Las dimensión de las actividades desarrolladas por estos flagelos se ha traducido en una amenaza para la seguridad nacional; no sólo porque muchos cárteles del narcotráfico y sus grupos delictivos se encuentran vinculados a otros de su tipo, cuyos ámbitos de acción comprenden y/o abarcan territorios y regiones de jurisdicción internacional para el desarrollo de sus actividades delictivas, sino porque también controlan la gran mayoría de las cadenas productivas de narcóticos ilegales en el continente, ejercen el control hegemónico de la trata de personas, del tráfico de armas, de la industria del secuestro y la extorsión, de la falsificación y piratería de productos farmacéuticos, consumibles, artículos de lujo, de propiedad intelectual y el lavado de dinero. Condición que les ha permitido experimentar un crecimiento exponencial de sus actividades y ganancias que los ha llevado a tener una presencia muy significativa en la vida económica, política, social y cultural en la región continental de América Latina.

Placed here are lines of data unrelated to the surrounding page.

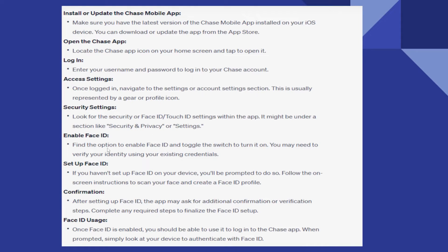Now find the option to enable Face ID and toggle the switch to turn it on. You may need to verify your identity using your existing credentials.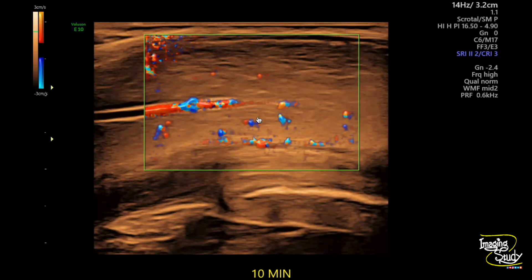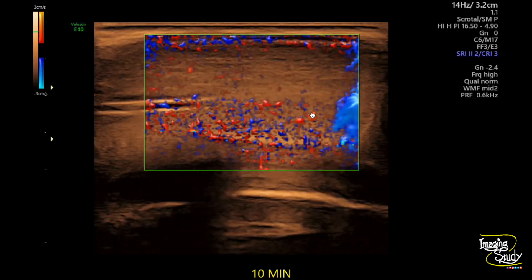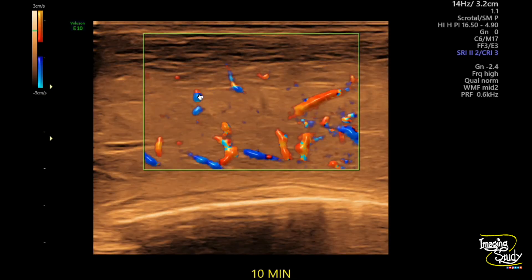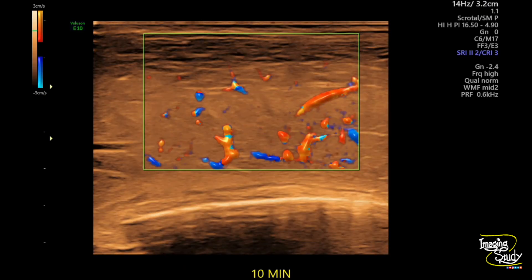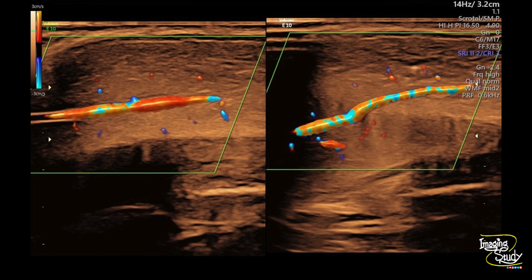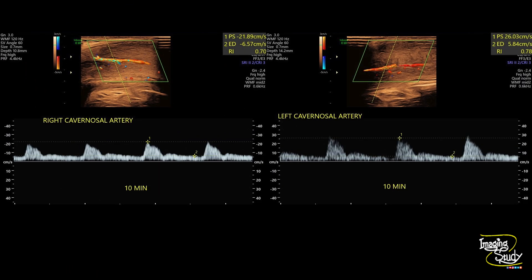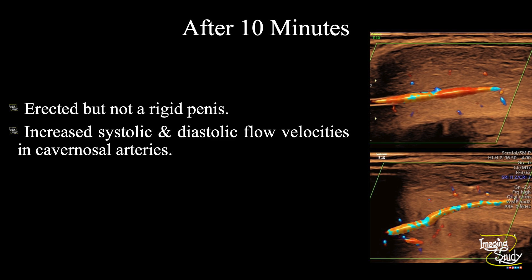At 10 minutes after injection, the vessels are very prominent. You can see the helicine arteries becoming prominent as well. This is the right cavernosal artery, and here is the left cavernosal artery with good flow towards the sinusoids. The vessels are now around 1.7 mm in diameter, and velocities are approximately 20 to 30 cm/s with persistent diastolic flow. After 10 minutes we have an erected penis but still not rigid, with increased systolic and diastolic flow velocities in cavernosal arteries.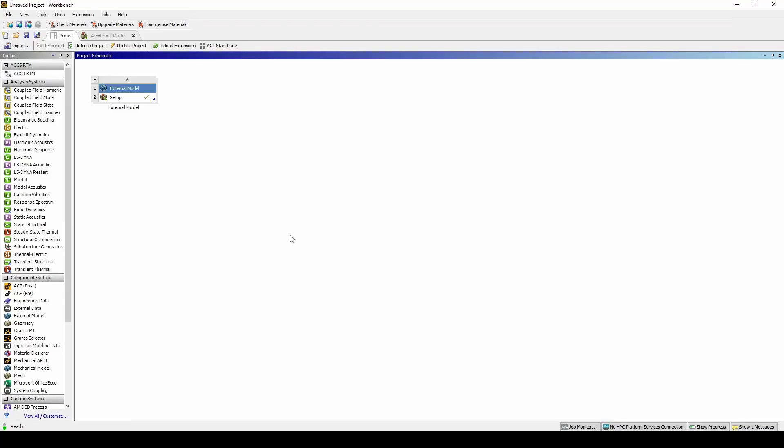Hi everyone, I'm Ryan and I'm here to give you a tutorial on how to set up an ACCS RTM simulation. I'll be using an external model for this video and this external model can be found in tutorial 7 of the ACCS extension.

Ante la magnitud de estos aberrantes hechos, los innegables déficits de eficacia con que han operado muchas de nuestras instituciones de seguridad, de inteligencia, policiales y de procuración de justicia, el Estado optó por recurrir al uso de las fuerzas armadas para enfrentar la situación, propiciando que gradualmente se hayan ocupado de muchas de las tareas que institucionalmente le corresponden cumplir a las corporaciones policiales (municipales, estatales y federales) hasta el grado de sustituirlas; cosechando notables resultados, simpatías y reconocimientos de la población, quienes de manera ininterrumpida le han otorgado a la Marina y el Ejército las mejores calificaciones en confianza institucional.

Sin embargo, dichas instituciones también se han visto envueltas en situaciones delicadas que involucran violaciones a los derechos humanos, algunos de sus integrantes se han visto inmiscuidos en actos de corrupción y vinculados a la delincuencia organizada, vulnerando su imagen y prestigio institucional; situación que ha despertado malestar entre sus órganos de dirección, quienes con justificada razón han argüido que las fuerzas armadas no fueron instituidas para patrullar las calles y enfrentar a la delincuencia común y organizada, sino para enfrentar y aniquilar a los enemigos de la nación, además de auxiliar a la población en casos de contingencias naturales.

No obstante, y a pesar del golpeteo, tanto las tropas como sus comandantes han mantenido su lealtad e institucionalidad, limitándose a demandar que se les provea de mecanismos legales que le brinden certeza a su participación en las labores de seguridad pública y combate al narcotráfico y crimen organizado.